ACTIVITY:
Starting with the line that has "Spacious modern living" in the records below and ending with the line that has "Photo of One", output those lines exactly and nothing more; omit the pictures.

RECORD EXCERPTS:
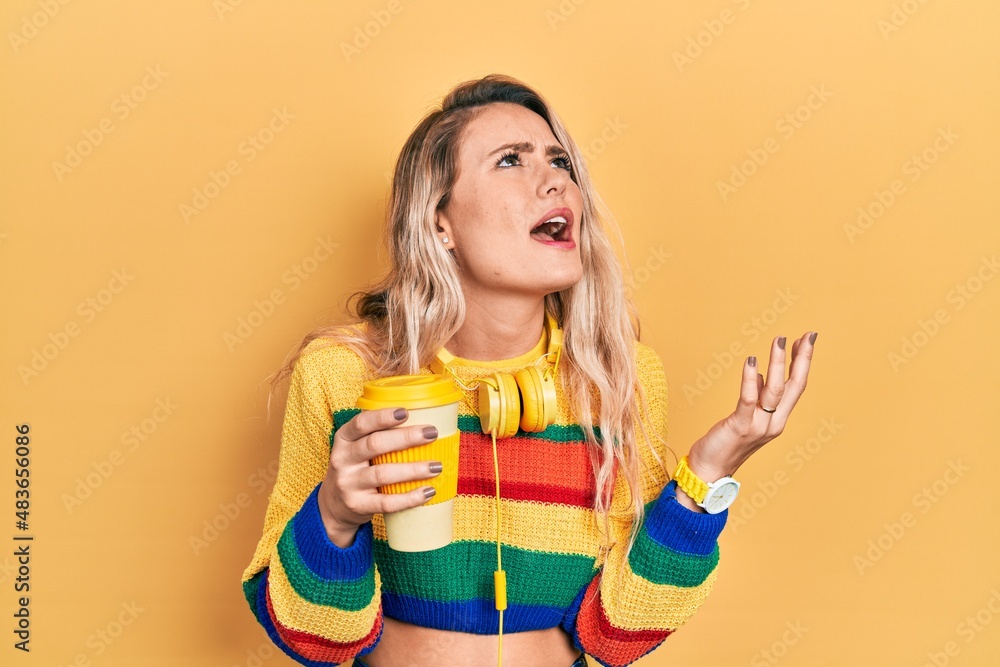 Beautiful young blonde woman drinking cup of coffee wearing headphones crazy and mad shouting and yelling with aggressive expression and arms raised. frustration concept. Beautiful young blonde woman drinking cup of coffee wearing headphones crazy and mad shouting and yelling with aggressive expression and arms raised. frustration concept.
---
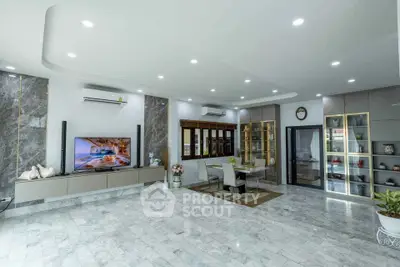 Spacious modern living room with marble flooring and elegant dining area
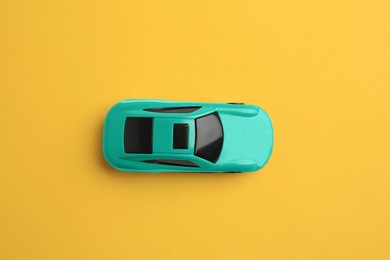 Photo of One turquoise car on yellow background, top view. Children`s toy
...
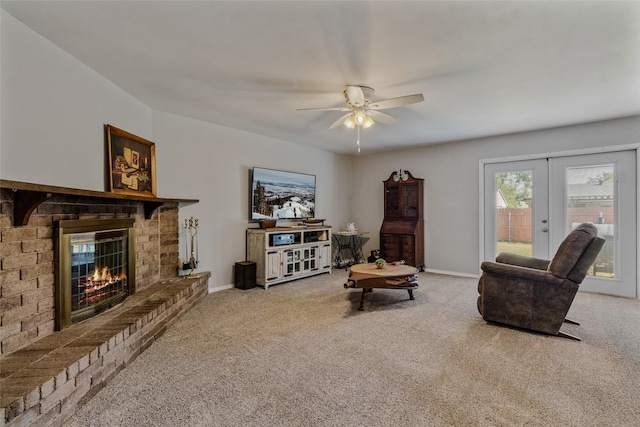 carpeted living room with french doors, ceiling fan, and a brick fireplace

RESPONSE TO THE TASK:
 Spacious modern living room with marble flooring and elegant dining area
 Photo of One turquoise car on yellow background, top view. Children`s toy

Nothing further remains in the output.